No, the moment that is worth the price of an IMAX ticket arrives with the shuttle liftoff, as engines roar to the point that the seat nearly vibrates and exhaust clouds envelop the screen so completely, you can almost smell it.

The heart of “Hubble,” narrated with appropriate studiousness by Leonardo DiCaprio, follows the 2009 mission of the Atlantis crew as they travel to the Hubble Space Telescope to repair its injuries.

For months before the launch, the seven-member team trained at the Johnson Space Center in Houston, burrowing four stories underwater – to simulate weightlessness – and making mock repairs to a life-size model of Hubble, then nearly two decades old.

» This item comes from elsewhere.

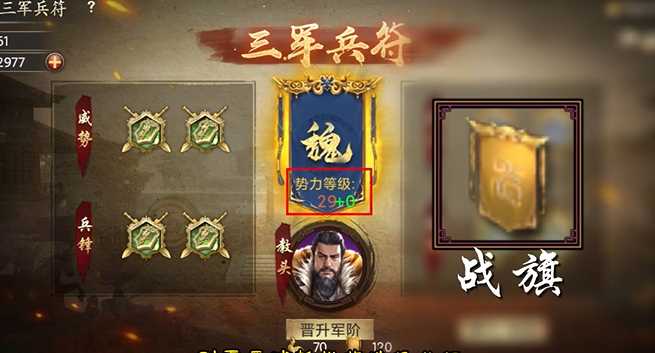 攻城掠地三军兵符有什么用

The astronauts are a fun bunch for film, playing Jack Johnson’s “Upside Down” inside the shuttle – seemingly without irony -- and sharing tips that mere mortals will never need to utilize, but will still prompt a chuckle.

The last thing an astronaut does before putting on his or her helmet? Scratches.

Want to know about those pesky bathroom issues in space? It’s all about suction, according to one pro.

The film, which is helmed by the same team behind 2002’s “Space Station 3D,” including director Toni Myers, doesn’t shirk the controversial elements of space travel. Old news footage bemoans the initial lack of Hubble's capabilities, while snippets from a congressional debate about whether it was worth maintaining the telescope are a sad precursor to the eventual closing of the NASA’s Space Shuttle program this year.

But watching the Atlantis crew replace and repair Hubble parts during five spacewalks is astonishing and DiCaprio’s planetarium-like coda to the mission puts our place in the universe into thoughtful perspective.

Expect to walk out of the movie feeling very small.

Movie preview

"Hubble"

Directed by Toni Myers. Rated G. At IMAX Theatre at Fernbank Museum of Natural History (through Jan. 1). Running time: 43 minutes.